=== Section Start ===
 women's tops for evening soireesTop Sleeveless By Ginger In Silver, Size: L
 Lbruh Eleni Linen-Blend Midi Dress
=== Section End ===
=== Section Start ===
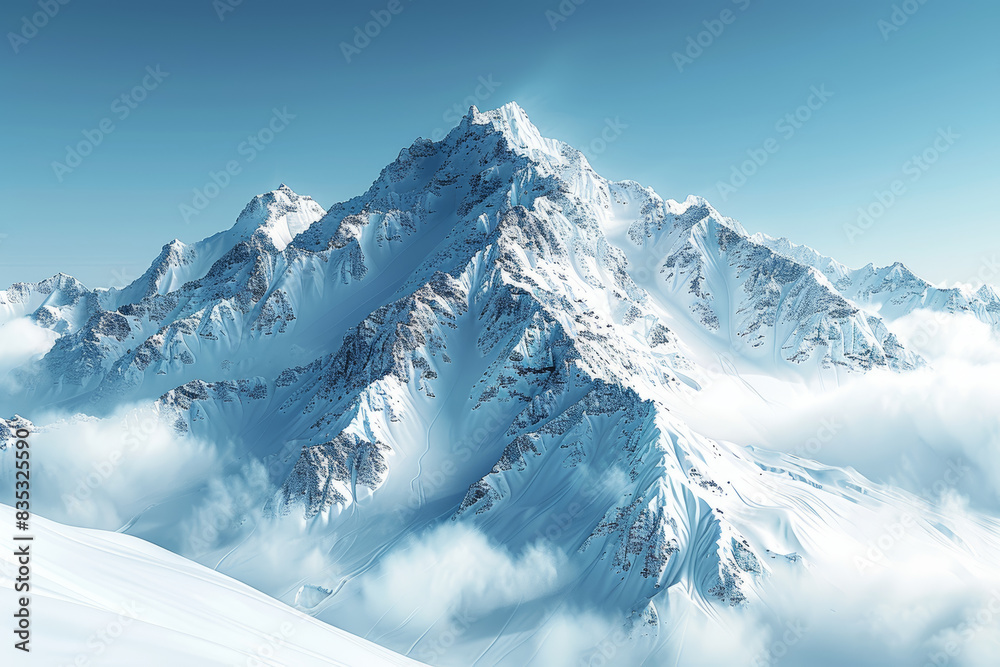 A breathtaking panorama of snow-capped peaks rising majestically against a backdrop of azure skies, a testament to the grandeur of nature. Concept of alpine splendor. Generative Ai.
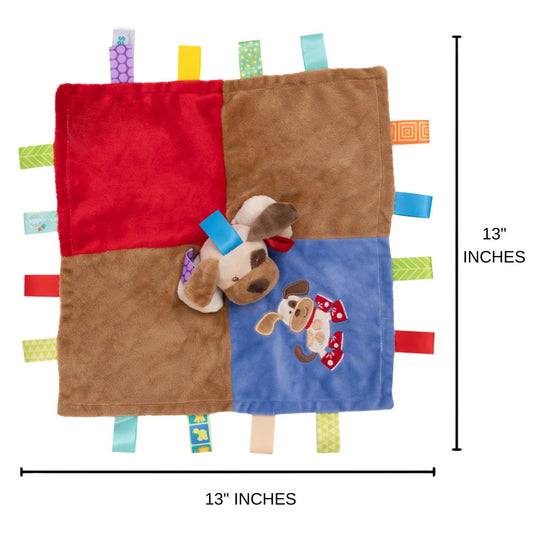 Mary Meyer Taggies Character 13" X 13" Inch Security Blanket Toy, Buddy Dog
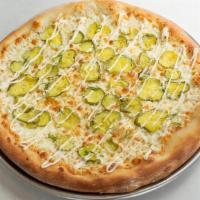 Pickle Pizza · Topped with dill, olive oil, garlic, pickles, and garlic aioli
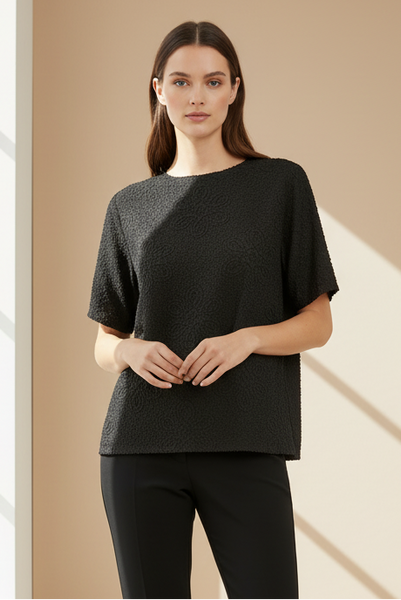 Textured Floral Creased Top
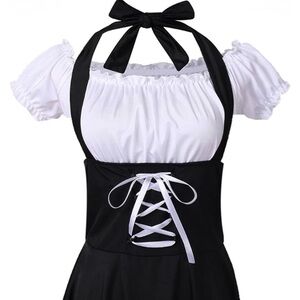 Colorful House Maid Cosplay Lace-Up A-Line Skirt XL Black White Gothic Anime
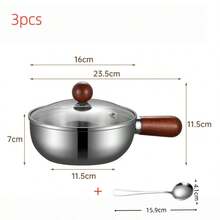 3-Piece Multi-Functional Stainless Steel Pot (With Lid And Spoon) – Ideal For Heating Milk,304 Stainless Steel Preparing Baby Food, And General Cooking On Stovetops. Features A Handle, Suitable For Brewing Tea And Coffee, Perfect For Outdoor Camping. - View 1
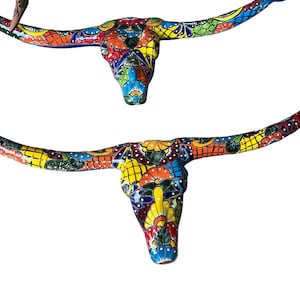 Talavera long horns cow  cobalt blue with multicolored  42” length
=== Section End ===
About this task
Produce only the lines from the line containing "women's tops for" through the line containing "Lbruh Eleni Linen-Blend Midi Dress", inclusive of both, exactly as they stand in the entries above.

Answer box
 women's tops for evening soireesTop Sleeveless By Ginger In Silver, Size: L
 Lbruh Eleni Linen-Blend Midi Dress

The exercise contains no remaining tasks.